By MICHAEL CRIMMINS
Glasgow News 1
Board members reviewed and acknowledged the Housing Authority of Glasgow’s clean audit during their monthly meeting on Oct. 15.
The audit, which was completed by Lane and Company in Mount Sterling, investigated the authority’s financials ending Dec. 31, 2024. The audit found no material weaknesses in internal controls and marked them as a low-risk auditee, which means the authority has received clean audits for at least the past two audit periods.
“We got a very clean audit report, we are considered a low-risk auditee and we had no findings,” Executive Operations Officer Sheri Lee said.
Board members also approved the 2026 flat rents and the 2026 Housing Choice Voucher Program Payment Standards. Flat rents dictate the maximum amount of rent a person, or family, pays for a unit if they opt to use that method instead of an income-based rent calculation, which has no maximum cap.
“The flat rent is the maximum rent that resident would pay for the unit size they live in,” Lee said. “That allows a family to hang on to the difference of income they should’ve paid to either save it or bay some bills, or to get ahead.”

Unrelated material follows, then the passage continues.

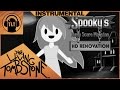Spooky's Jump Scare Mansion Instrumental (1000 Doors) The Living Tombstone -feat. BSlick & Crusher-P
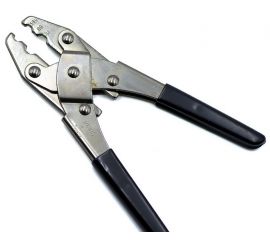 Инструмент для обжима и снятия изоляции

Payment standards dictate the maximum assistance with rent a person using a housing choice voucher can receive from the authority. Much like with the flat rent prices, the one, two and three bedroom units have decreased based on the Department of Housing and Urban Development fair marker rent calculations.
“The payment standard would be the most we can provide for rental assistance in the private sector,” Lee said. “anything else comes out of their pocket.”